• LISTED RECORDS:
☆ ☆ ☆ ☆ ☆ ☆ ☆

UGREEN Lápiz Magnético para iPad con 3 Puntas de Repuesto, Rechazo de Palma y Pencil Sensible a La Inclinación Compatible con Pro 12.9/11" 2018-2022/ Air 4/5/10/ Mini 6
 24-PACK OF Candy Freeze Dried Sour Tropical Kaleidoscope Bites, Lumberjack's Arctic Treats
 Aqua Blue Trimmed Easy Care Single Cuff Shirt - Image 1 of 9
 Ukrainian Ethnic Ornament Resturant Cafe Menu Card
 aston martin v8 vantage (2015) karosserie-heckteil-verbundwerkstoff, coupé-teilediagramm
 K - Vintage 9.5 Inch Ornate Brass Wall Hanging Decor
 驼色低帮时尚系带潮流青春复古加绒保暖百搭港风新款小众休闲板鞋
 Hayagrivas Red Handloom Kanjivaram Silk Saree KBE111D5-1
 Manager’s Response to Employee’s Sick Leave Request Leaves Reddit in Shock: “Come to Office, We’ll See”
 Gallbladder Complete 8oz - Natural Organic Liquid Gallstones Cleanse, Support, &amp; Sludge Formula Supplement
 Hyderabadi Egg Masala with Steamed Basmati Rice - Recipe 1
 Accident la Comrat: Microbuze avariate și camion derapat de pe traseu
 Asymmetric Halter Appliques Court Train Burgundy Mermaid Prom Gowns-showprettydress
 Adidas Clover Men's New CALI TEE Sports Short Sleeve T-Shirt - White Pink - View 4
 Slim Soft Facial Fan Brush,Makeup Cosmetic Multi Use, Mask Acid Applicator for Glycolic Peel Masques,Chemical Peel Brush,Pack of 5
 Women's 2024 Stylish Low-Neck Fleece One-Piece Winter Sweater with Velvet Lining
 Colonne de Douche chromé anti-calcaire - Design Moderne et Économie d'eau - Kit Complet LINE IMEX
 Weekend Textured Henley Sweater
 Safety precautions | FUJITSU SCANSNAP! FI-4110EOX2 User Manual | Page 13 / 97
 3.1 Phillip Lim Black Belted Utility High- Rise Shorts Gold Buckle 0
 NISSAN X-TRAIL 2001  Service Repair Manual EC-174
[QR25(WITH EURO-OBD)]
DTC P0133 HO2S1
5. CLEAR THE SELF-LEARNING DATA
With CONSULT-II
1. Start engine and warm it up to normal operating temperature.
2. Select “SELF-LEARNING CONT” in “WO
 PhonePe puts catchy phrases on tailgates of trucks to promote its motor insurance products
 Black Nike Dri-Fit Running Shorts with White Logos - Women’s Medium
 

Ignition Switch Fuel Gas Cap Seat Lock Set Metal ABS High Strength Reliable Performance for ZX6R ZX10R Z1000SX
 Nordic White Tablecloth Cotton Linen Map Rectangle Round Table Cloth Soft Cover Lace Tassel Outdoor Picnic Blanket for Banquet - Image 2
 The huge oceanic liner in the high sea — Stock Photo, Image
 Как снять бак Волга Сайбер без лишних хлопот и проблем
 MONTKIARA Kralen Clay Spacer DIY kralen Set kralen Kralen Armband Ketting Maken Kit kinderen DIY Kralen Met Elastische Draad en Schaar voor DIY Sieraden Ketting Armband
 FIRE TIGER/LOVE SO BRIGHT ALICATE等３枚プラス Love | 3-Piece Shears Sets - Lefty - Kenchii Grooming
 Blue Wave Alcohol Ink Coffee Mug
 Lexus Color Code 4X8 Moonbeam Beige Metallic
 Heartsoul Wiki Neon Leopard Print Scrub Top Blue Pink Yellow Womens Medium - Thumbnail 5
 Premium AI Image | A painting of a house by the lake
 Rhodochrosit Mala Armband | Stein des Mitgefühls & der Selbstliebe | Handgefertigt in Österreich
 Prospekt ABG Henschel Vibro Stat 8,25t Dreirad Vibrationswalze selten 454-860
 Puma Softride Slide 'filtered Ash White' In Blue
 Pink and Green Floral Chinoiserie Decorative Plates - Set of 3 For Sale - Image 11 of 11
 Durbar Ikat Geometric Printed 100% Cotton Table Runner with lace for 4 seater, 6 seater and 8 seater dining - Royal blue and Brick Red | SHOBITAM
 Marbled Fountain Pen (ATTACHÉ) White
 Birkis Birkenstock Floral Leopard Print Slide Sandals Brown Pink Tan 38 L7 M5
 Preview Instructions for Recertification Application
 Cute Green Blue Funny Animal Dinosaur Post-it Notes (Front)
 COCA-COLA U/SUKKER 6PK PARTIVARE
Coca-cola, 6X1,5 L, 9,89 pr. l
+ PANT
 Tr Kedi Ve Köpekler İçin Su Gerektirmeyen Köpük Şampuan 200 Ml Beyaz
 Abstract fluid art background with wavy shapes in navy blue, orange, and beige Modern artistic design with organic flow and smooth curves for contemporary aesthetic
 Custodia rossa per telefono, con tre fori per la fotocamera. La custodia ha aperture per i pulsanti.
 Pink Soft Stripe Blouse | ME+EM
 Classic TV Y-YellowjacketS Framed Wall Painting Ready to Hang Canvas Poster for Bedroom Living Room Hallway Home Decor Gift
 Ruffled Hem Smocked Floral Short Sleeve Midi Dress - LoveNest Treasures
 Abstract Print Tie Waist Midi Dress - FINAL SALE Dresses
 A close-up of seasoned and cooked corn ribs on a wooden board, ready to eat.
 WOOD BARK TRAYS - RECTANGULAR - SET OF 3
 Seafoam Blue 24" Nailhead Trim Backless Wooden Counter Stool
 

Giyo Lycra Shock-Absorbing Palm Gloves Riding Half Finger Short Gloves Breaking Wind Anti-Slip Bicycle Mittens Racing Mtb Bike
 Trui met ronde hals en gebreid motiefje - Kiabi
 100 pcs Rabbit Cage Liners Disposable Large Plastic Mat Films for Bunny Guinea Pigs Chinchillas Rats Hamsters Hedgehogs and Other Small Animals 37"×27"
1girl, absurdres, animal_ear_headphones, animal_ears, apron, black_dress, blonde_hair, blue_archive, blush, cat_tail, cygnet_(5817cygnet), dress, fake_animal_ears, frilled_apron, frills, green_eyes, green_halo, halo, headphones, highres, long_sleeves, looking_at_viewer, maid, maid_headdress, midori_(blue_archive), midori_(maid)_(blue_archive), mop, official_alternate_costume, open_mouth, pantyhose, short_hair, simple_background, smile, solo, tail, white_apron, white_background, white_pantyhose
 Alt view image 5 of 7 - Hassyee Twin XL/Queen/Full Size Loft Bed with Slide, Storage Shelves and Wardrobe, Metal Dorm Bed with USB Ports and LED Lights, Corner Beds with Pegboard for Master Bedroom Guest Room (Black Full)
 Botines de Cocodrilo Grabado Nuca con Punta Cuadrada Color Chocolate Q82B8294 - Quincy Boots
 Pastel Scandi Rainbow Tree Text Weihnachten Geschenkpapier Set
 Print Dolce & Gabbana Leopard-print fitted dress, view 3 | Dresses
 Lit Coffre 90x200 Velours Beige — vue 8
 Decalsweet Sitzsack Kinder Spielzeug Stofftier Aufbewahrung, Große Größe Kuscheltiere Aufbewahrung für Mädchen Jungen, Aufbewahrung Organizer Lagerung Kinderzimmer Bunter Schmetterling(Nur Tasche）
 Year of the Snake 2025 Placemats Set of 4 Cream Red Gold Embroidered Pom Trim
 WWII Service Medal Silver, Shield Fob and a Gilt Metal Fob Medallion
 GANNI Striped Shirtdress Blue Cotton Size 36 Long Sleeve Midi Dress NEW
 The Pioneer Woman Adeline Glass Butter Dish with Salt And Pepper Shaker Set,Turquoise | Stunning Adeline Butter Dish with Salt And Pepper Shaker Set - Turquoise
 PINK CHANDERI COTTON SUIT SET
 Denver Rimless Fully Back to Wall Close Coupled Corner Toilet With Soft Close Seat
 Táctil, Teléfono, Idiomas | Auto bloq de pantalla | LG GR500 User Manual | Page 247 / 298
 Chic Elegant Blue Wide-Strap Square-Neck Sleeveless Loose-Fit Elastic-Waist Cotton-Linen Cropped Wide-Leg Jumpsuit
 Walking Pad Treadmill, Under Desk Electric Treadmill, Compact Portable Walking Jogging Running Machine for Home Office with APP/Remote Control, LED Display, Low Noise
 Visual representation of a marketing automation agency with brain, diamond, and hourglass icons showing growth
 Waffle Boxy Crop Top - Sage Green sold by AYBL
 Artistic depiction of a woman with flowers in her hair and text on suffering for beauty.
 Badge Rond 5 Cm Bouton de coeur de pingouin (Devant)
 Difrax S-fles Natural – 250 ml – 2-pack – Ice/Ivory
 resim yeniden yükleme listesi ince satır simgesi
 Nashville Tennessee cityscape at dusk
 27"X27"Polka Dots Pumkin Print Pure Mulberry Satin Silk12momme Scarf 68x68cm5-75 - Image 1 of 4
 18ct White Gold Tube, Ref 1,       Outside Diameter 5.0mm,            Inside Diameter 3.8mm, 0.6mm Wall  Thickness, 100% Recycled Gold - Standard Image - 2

☆ ☆ ☆ ☆ ☆ ☆ ☆

• ACTIVITY: Count the lines in the entries above that include the string "Gold", then give only that figure.

• ANSWER TO THIS TASK: 3